Data indicate that depression is the most common mental illness, often with debilitating consequences, and although current treatments—including psychotherapy and drugs—are effective for a majority of patients, many do not achieve optimal results and/or experience undesired side effects. For this patient population, alternative therapies are needed.

 

Analyzing the Effects

For a large network meta-analysis published in BMJ, Julian Mutz, MSc, and colleagues aimed to assess the effectiveness of non-surgical brain stimulation techniques for the acute treatment of major depressive episodes in adults. The researchers performed a systematic search of multiple electronic databases for clinical trials that examined the clinical efficacy and acceptability of electroconvulsive therapy (ECT), transcranial magnetic stimulation (repetitive [rTMS], accelerated, priming, deep, and synchronised), theta burst stimulation, magnetic seizure therapy, transcranial direct current stimulation (tDCS), or sham therapy among randomly allocated participants. They examined data from 113 clinical trials consisting of 6,750 patients (mean age 47.9 years; 59% women). “This is the most comprehensive review of such treatments carried out to date,” notes Mutz.

The most studied treatment comparisons were high frequency left rTMS and tDCS versus sham therapy, whereas recent treatments remain understudied. The quality of the evidence was of low (34%), unclear (50%), or high (17%) risk of bias, and the precision of summary estimates for treatment effect varied considerably.
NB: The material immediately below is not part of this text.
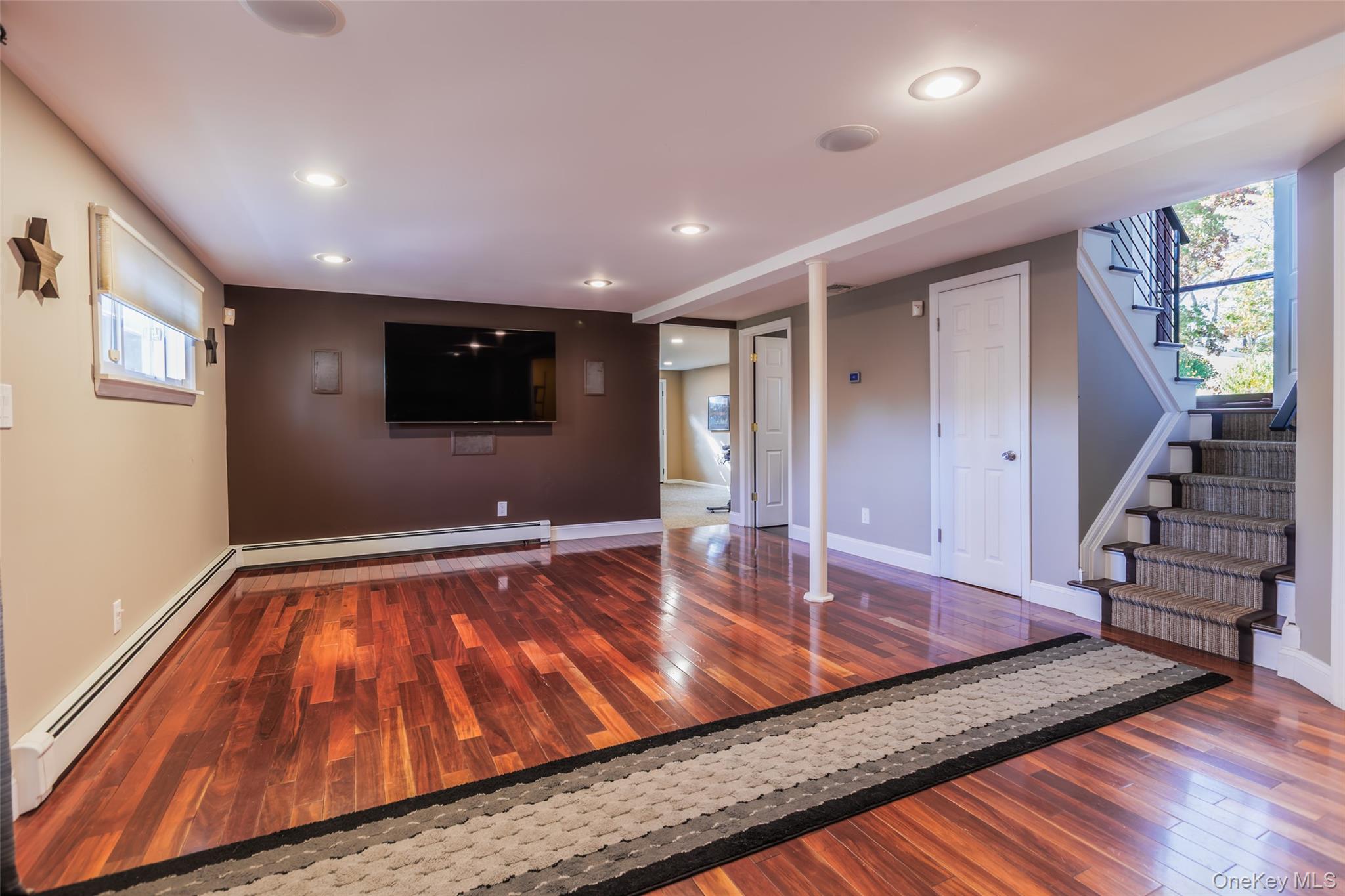 #18 photo, 11 Mohegan Lane, Commack , NY 11725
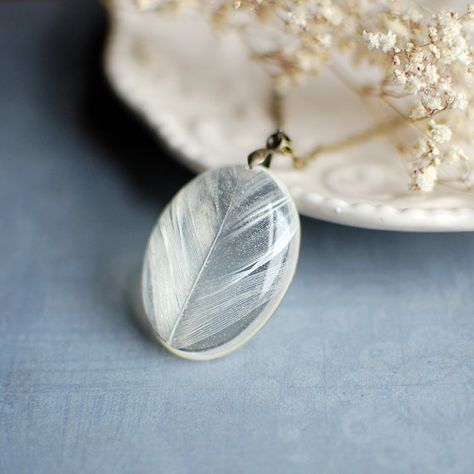 Etsy Transaction - Feather resin pendant - natural white real feather Feather In Resin, Feather Preservation, Feather Resin, Jewellery Resin, Ice Resin, Resin Accessories, Necklace Resin, Resin Jewelry Making, Feather Necklace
Ten out of 18 treatment strategies were associated with higher response compared with sham therapy (Table): bitemporal ECT (summary odds ratio [OR] 8.91), high dose right unilateral ECT (OR; 7.27), priming transcranial magnetic stimulation (OR 6.02), magnetic seizure therapy (OR; 5.55), bilateral rTMS (OR; 4.92), bilateral theta burst stimulation ( OR; 4.44), low frequency right rTMS (OR; 3.65), intermittent theta burst stimulation (OR; 3.20), high frequency left rTMS (OR; 3.17), and tDCS (OR; 2.65).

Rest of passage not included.